Nilai-nilai demokrasi yang menjunjung tinggi daulat rakyat belum
terimplementasi dengan baik. Politik top-down sangat kental terasa.
Situasi ini masih bisa
kita mafhumi mengingat pada masa itu kita masih berproses sebagai bangsa dan
negara. Setidaknya apa yang terjadi pada masa itu menjadi pelajaran historis
yang bisa kita ambil hikmahnya bagi penguatan demokrasi saat ini.
Di era orde baru,
anasir-anasir demokrasi mulai menguat, meskipun belum dijalankan seutuhnya.
Pileg untuk wakil rakyat di parlemen, baik pusat maupun daerah, dijalankan
secara langsung dengan rakyat sebagai pemilih. Namun tidak dengan Pilpres dan
pemilihan kepala daerah. Rezim yang berlaku adalah rezim Pemilu representatif
untuk level eksekutif, dalam hal mana presiden, wakil presiden, gubernur,
bupati, dan wali kota dipilih oleh parlemen di level masing-masing.
Yang menjadi 'cacat
demokrasi' pada waktu itu adalah belum adanya batasan periode waktu berkuasa
untuk presiden dan wakil presiden, serta dijalankannya dwi fungsi ABRI yang
berdampak pada dikaryakannya pejabat militer aktif sebagai pejabat kepala
daerah. Situasi pada era orde baru ini bisa dikatakan sebagai 'setengah
demokrasi', yakni demokrasi yang belum sepenuhnya dijalankan sesuai kaidah.
Era pascareformasi
menjadi momentum dan titik balik pelaksanaan politik elektoral di level daerah
yang sesuai dengan norma demokrasi. Ketika amandemen konstitusi mengamanatkan
presiden dipilih langsung oleh rakyat maka Pilpres 2004 menjadi momentum
pelaksanaannya. Hal ini juga berlaku di level daerah ketika Pilkada secara
langsung dengan rakyat sebagai voters digelar pertama kali pada 2005, di era
pemerintahan Presiden Susilo Bambang Yudhoyono.
Demokrasi berjalan pada
jalurnya secara sempurna. Rakyat di daerah diberikan kebebasan untuk menentukan
pilihannya secara merdeka pada dua aras Pemilu, yakni legislatif dan eksekutif.

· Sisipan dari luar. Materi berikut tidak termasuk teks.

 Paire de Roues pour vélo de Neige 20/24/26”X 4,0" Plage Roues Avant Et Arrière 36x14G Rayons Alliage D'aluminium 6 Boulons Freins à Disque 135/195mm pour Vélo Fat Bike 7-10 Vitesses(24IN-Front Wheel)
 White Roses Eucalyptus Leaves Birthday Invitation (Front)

Baik kepala daerah maupun anggota parlemen di daerah memiliki legitimasi
masing-masing karena langsung dipilih oleh rakyat.
Sistem checks and
balances menjadi lebih hidup karena terbuka ruang dialektika yang lebar antara
eksekutif dan legislatif. Konsekuensi negatifnya tentu ada, seperti munculnya
dual legitimacy antara kepala daerah dan anggota parlemen karena masing-masing
mengklaim mendapatkan legitimasi langsung dari rakyat.
Proses historis yang
saya sampaikan di atas setidaknya menebalkan rasa syukur kita terhadap proses
demokrasi yang telah berjalan. Apa yang kita miliki hari ini merupakan proses
panjang nan berliku. Demokrasi bukanlah barang instan yang bisa diwujudkan
dalam tempo yang sesingkat-singkatnya.
Kokohnya rezim Pilkada
Indonesia hari ini merupakan buah manis dari komitmen bangsa untuk memeluk
demokrasi. Selain perubahan mekanisme Pemilu dari representatif menjadi
langsung, ada faktor pendukung lainnya yang eksis, yakni kebijakan regulatif
dalam bentuk otonomi daerah, UU Pemerintahan Daerah, dihapuskannya dwi fungsi
ABRI, serta komitmen untuk mewujudkan pemerataan pembangunan sebagai tantangan
ekonomi Indonesia.
Kritik terhadap
sentralisasi pemerintah di masa lalu menjadi sumbu penyulut munculnya
separatisme GAM dan OPM. Ketimpangan menganga lebar antara Jawa dan luar Jawa.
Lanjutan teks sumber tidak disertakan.